Introduction: Hemifacial spasm (HFS) is a disorder characterized by a complex of symptoms with hyperactive motor dysfunction of the facial nerve. It is indicated that HFS in the majority of cases can be caused by a blood vessel compressing the nerve adjacent to the brainstem.
Patients and methods: We studied and treated 44 patients with HFS. Magnetic resonance imaging (MR) and MR-angiography of the brain were performed in patients with HFS to asses the presence of an artery of the vertebrobasilar system compressing the root of the facial nerve. We evaluate the response to treatment with Botulinum toxin in these cases. 14 patients were excluded (6 patients presented HFS due to other lesions and in 8 patients the MR was not performed). The remaining 30 patients with idiopathic HFS underwent MR/MRA (3D-FISP) and it was also performed in 14 patients with synkineses after facial palsy to be used as controls.

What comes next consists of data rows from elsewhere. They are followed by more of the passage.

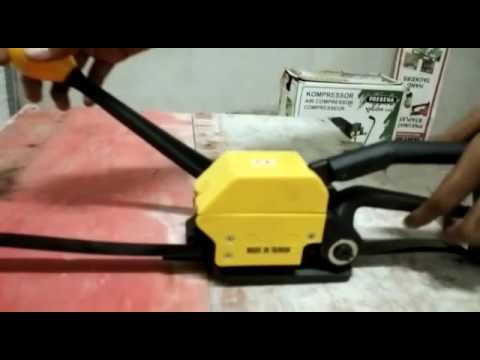 Sealless Steel Strapping Tool Sealless Steel Strapping Tool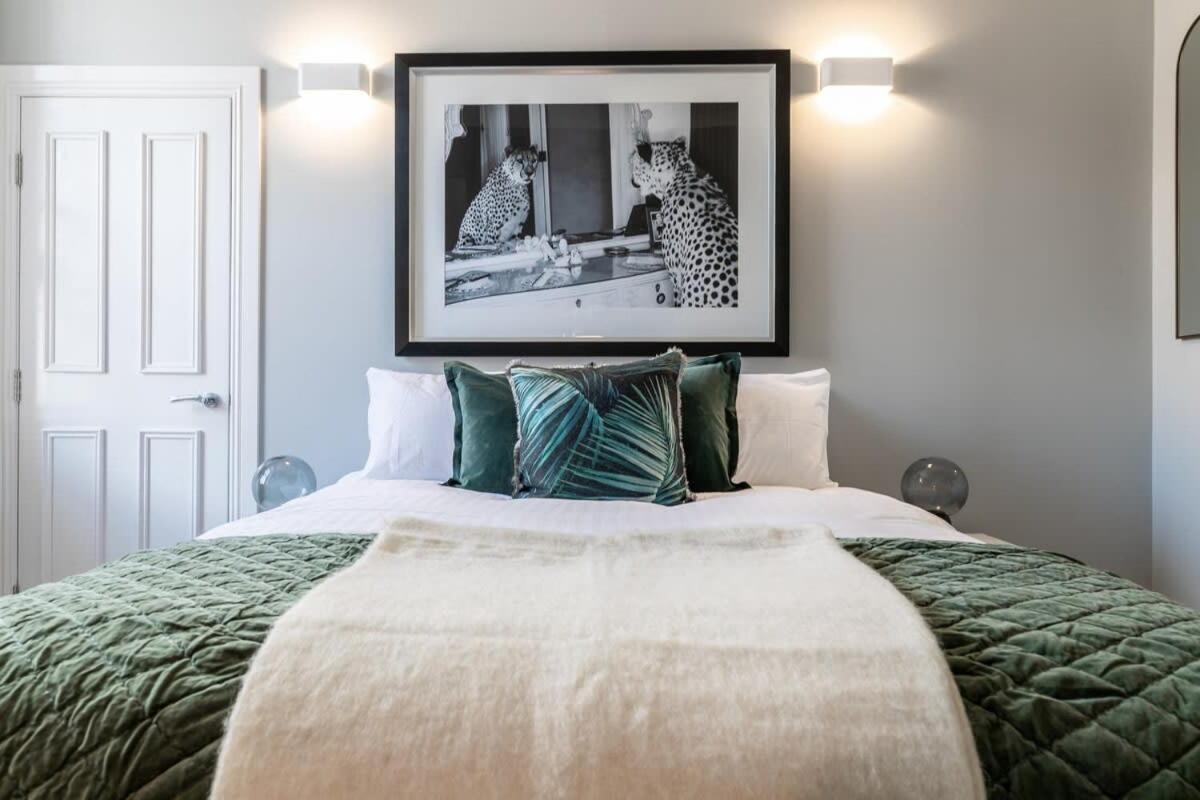 Beautiful 4 Bed Flat In Perfect Central Location Glasgow Ngoại thất bức ảnh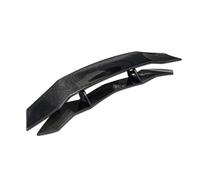 GVGFKPKZAY For Lamborghini LP700 Aventador Upgrade DMC Style Car Side Skirt Splitter Diffuser Winglet Side Wing Front Rear Bumper Lip Wings Car Front Bumper Lip Splitter Diffuser(Rear Lip)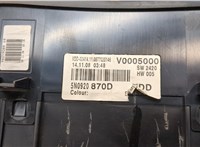 5N0920870DX Щиток приборов (приборная панель) Volkswagen Tiguan 2007-2011 8920360 #3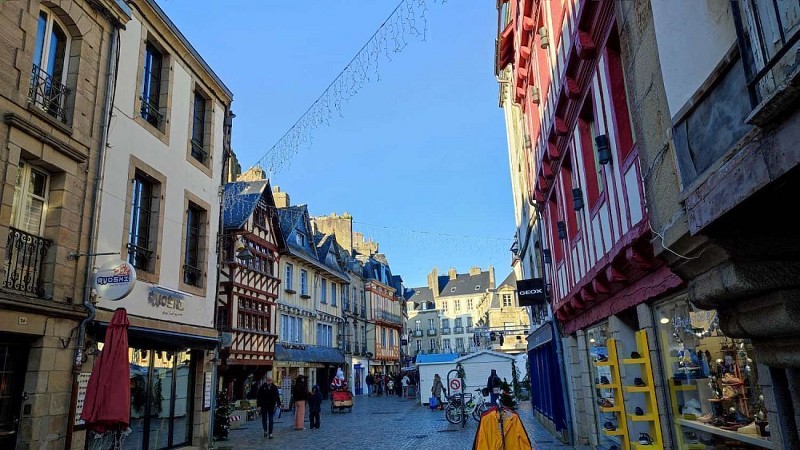 Rue de Quimper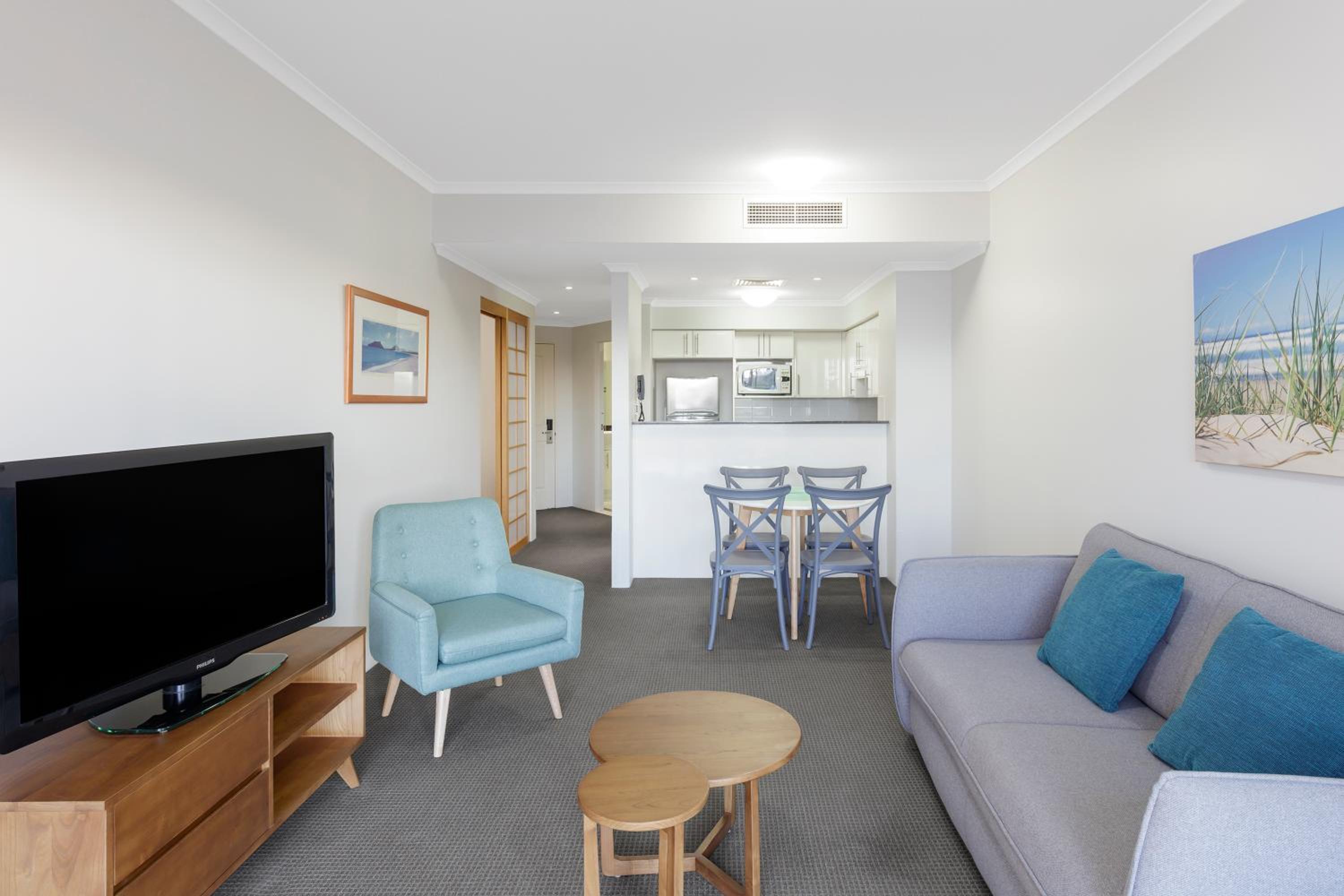 One Bedroom Deluxe Waterview - Photo 1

Results: The MRA documented an abnormal position of the arteries surrounding the facial nerve (ipsilaterally to HFS) in 22 patients. The compressing artery was the PICA in 3 patients (10%), the AICA in 3 patients, the vertebral artery in 7 patients and the basilar artery in 8 patients, one patient showed a combined compression by AICA and PICA. The remaining 8 patients had a normal MRI. At the control group only one patient presented an abnormal AICA and the other had a normal MRI-MRA. Patients were followed-up for 22.4 months and after Botulinum toxin treatment patients kept 4.81 months free of symptoms.
Conclusions: We recommend to perform MR studies in all HFS patients to rule out a secondary cause of the disease and MRA to evaluate the underlying vertebrobasilar abnormalities if surgery is planned. Botulinum toxin is a useful treatment in these patients and only after its failure, microvascular decompression will be considered.